Search code examples
pythonlargenumbercollatz

Does Python have trouble with large numbers/lists, or is there something wrong with my code?


I have the following code:

def main(n):
    sequence = []
    while n not in sequence:
        sequence.append(n)

        if n % 2 == 0:
            i = n / 2
        else:
            i = (n * 3) + 1
        n = int(i)

    print("Sequence length: " + str(len(sequence)-1))

n = int(input("Number: "))
main(n)

It takes an integer from the user, then calculates the '3x+1' (or 'Collatz') sequence for that number (see http://www.ericr.nl/wondrous/index.html#part1 for details). It then displays the length of the sequence.

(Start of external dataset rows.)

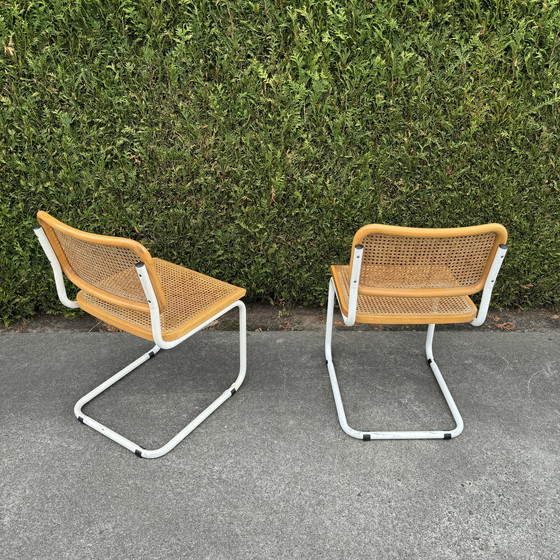 Image 1 of Pair of B32 Marcel Breuer Chairs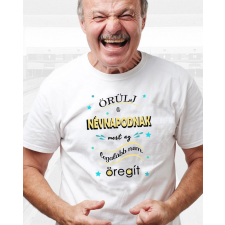 Humoros névnapi póló - Névnap nem öregít női póló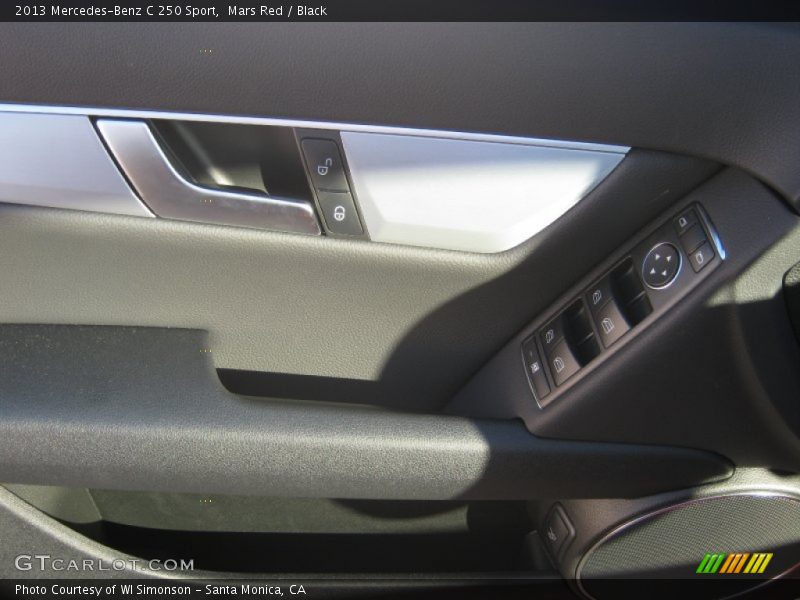 Mars Red / Black 2013 Mercedes-Benz C 250 Sport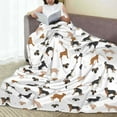 thumbnail image 6 of Pofeuu Labrador Retriever Dog Print Ultra-Soft Micro Fleece Blanket,for Bed Or Sofa,All Season Throw Blankets Flannel Blanket-50"x40", 6 of 7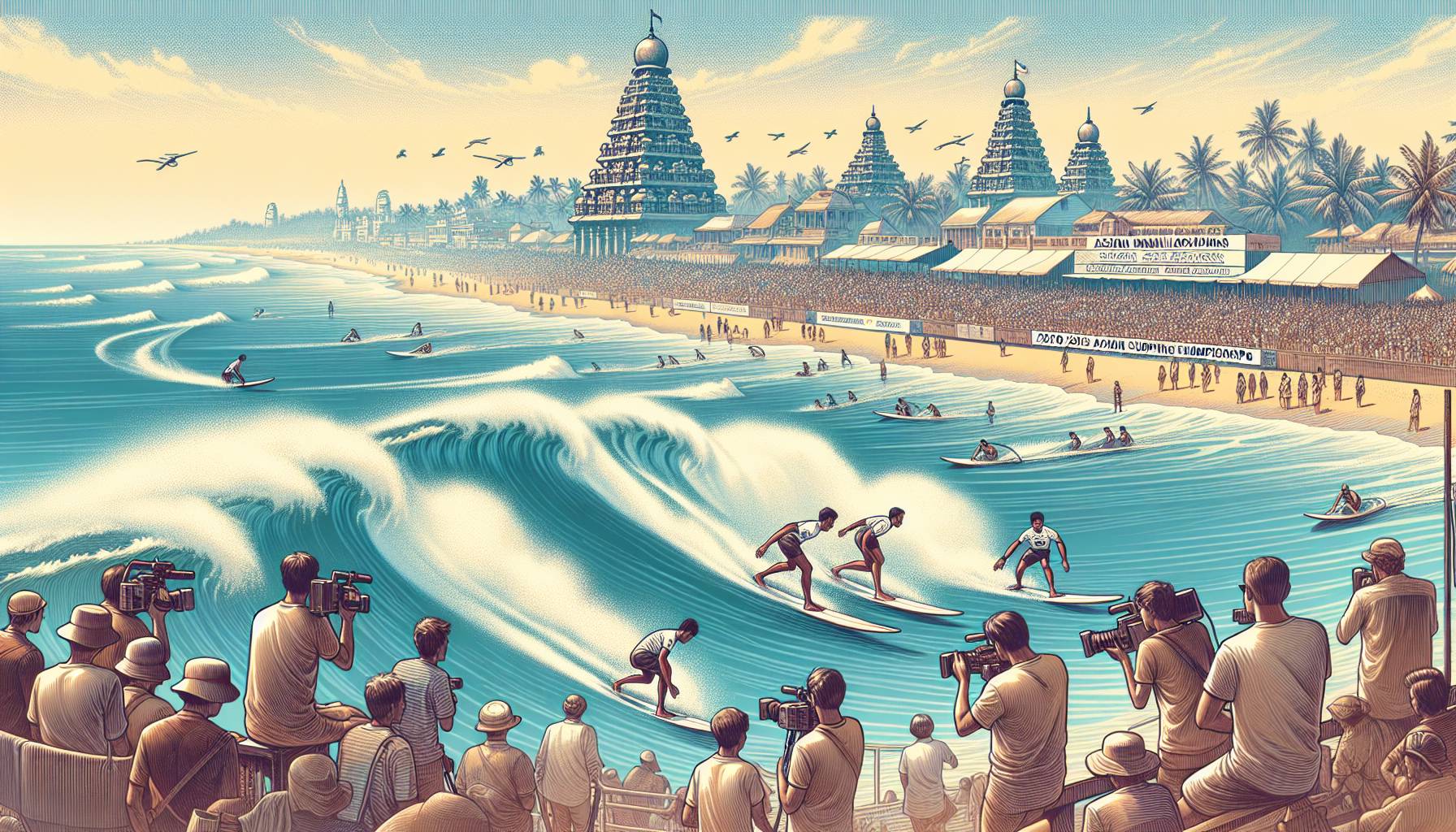 Mamallapuram to Host 2025 Asian Surfing Championships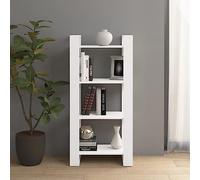 GPUTYGHN Bibliothèque en bois massif blanc - 60 x 35 x 125 cm - Séparateur de pièce en pin - Bibliothèque ouverte sans dos - Cadre en bois stable - Beaucoup d'espace de rangement pour livres et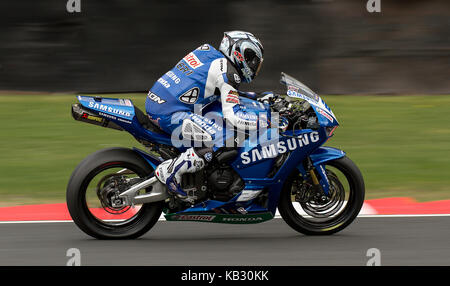 Coureurs de British Superbike Championship à Oulton Park, Angleterre, Royaume-Uni Banque D'Images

To make sure my code works as expected, I'm comparing my results against the table on http://www.ericr.nl/wondrous/delrecs.html The 'Delay' column appears to be the sequence length, and 'N' is the initial integer that's input. My code gives the correct length for all 'N' values (that I've random tested) up to 1,899148,184679 (#92). However for the next value of 'N' (2,081751,768559, #93) it gives a length of '385' (instead of '1437')... The same is true for all values on 'N' (that I've tested) greater than that on the table - my code gives a much smaller answer than what they do.

Does Python have issues with large numbers that might cause this behaviour, or is there something wrong with my code?

I admit that I don't fully understand 'delay records', or indeed much of the information on that webpage. But even if I'm wrong in my assumption that a 'delay record' is just the length of the sequence generated by this method, it seems odd that my code would calculate the same values up until that specific number...

I'm using Python 3.8.10 in case that's relevant.


Solution

  • Somewhere along the way you are getting a floating point error. "But I am using integers!" I hear you say, well Python is doing a float division on this line:

    i = n / 2
    

    Seems innocuous enough, but changing to integer division solves the problem:

    i = n // 2
    

    After several hundred values, one of those divisions is giving you an error with the value being some epsilon less than the actual integer value, which then rounds down when you call int(n).

    EDIT: After double checking my last point to find the value that fails, I wasn't quite correct. What is actually happening is that while integer division is always accurate thanks to Pythons BigInt implementation, float division isn't since it still uses regular floating point numbers for speed. If your number is large enough then there simply aren't enough bytes to accurately store the number which will result in rounding errors.

    The number in question is 19981441939834942. With integer division you get 9990720969917471, while float division yields 9990720969917472.0.

    This will be a problem in any language you use (except that most other languages won't allow you to accidentally use float division on integers), so make sure to use integer divisions!